The growth projects of African Rainbow Minerals.
Photo by: Creamer Media
JOHANNESBURG (miningweekly.com) – The board of diversified mining company African Rainbow Minerals (ARM) has approved the Merensky reef project at the Two Rivers platinum group metals (PGMs) mine, ARM CEO Mike Schmidt said on Wednesday after the company reported record financial results.
The ARM-managed Two Rivers is a joint venture between ARM, at 51%, and Implats, at 49%. The operation is situated on the southern part of the eastern limb of the Bushveld Complex, some 35 km south-west of Burgersfort, in Mpumalanga.
Mining Weekly can report that the new Two Rivers Merensky project will produce an additional 182 000 six-element (6E) PGM ounces, 1 600 t of nickel and 1 300 t of copper a year. (Also watch attached Creamer Media video.)

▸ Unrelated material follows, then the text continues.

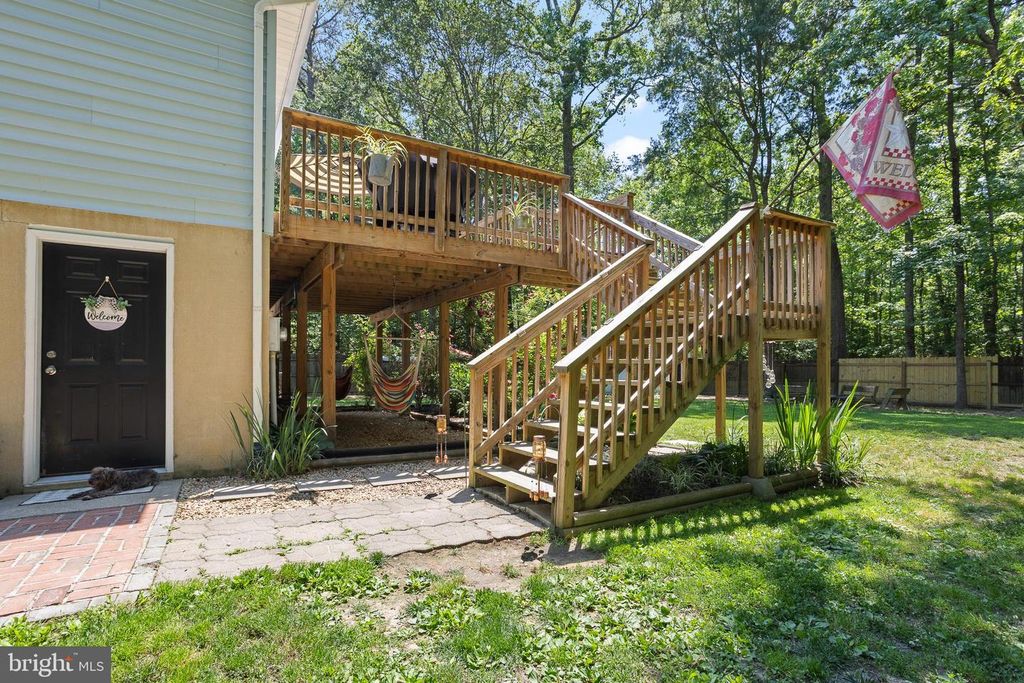Image 27 of property listing at 26587 YOWAISKI MILL RD, Mechanicsville, MD 20659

Commissioning will take place in the second quarter of ARM's 2023 financial year, with Two Rivers expected to be positioned at the bottom half of the PGM industry’s cash cost curve.
“We start processing in 2023, with a rapid ramp-up to steady state by as early as 2024,” said Schmidt.
“We’re dovetailing that. We’ve got sufficient power and we’ve got sufficient water and the tailings dam. Those are the three constraints. Prices have supported us. We’ll have superior returns for the position on the lower end of the cost curve, and undoubtedly, the project was a whole will take Two Rivers as a whole down the cost curve.
On funding, Schmidt said in response to Mining Weekly: "The planning and the outlook is that Two Rivers would be able to fund the project over the next three to four years with no need for either of the partners, being ARM or Implats, to contribute to that, albeit that there would be some dividend sacrifice."
The Modikwa PGMs mine, which lies along the border between the Mpumalanga and Limpopo provinces, about 15 km north-west of Burgersfort, is currently accelerating its development, which should improve its ounce profile from an annualised basis to more than 400 000 oz/y by 2024 from the current 320 000 oz/y.
ARM is also at the stage of building the new Modikwa Chrome Recovery plant, which is scheduled to be commissioned at the end of this year. “Certainly we’ll ramp that up within 12 months to steady state, doing 280 000 t of chrome. That’s a by-product that comes literally for free and will really serve us exceptionally well,” said Schmidt.
“The message I’m sending here is that if you look at the combined approach, ARM has moved on. It’s growing organically, it’s dovetailing off the assets it knows, using its own people, and this all comes very, very cost effectively with huge margins that position us well in terms of growth going forward.
“We are in the process of evaluating a number of other options but they have to follow due course. We cannot announce anything until it’s signed on the bottom line.
“If you look at the combined growth over the next three years, we’ll be doing another 300 000 oz of PGMs by 2024. If you take that currently on an attributable basis, we’re at 350 000 oz. We’re just about doubling the ounces on an attributable basis but we’re moving as an operation from 650 000 oz to over a million ounces of PGMs within the next four years. I have no doubt that we’ll deliver on those on time and within budget,” said Schmidt.
Ahead of it, in the third quarter of the company's 2022 financial year, the Two Rivers Plant expansion, referred to as the TRP expansion, will be commissioned, providing an additional 40 000 to 60 000 6E PGM ounces a year.
The 2022 financial year will also see the commissioning of the new Modikwa Chrome Recovery Plant at the Modikwa PGMs mine, which lies along the border between the Mpumalanga and Limpopo provinces, around 15 km north-west of Burgersfort.
In manganese, the Black Rock and Gloria projects, in the Northern Cape, will ramp up to four-million tonnes of manganese in financial year 2023.
These growth projects were all displayed after the 25 000-employee JSE-listed ARM, headed by executive chairperson Dr Patrice Motsepe, reported 134%-higher headline earnings for the six months to December 31 of R5-billion, boosted by iron-ore and PGMs. Net cash on hand is up 29% to $4.8-billion.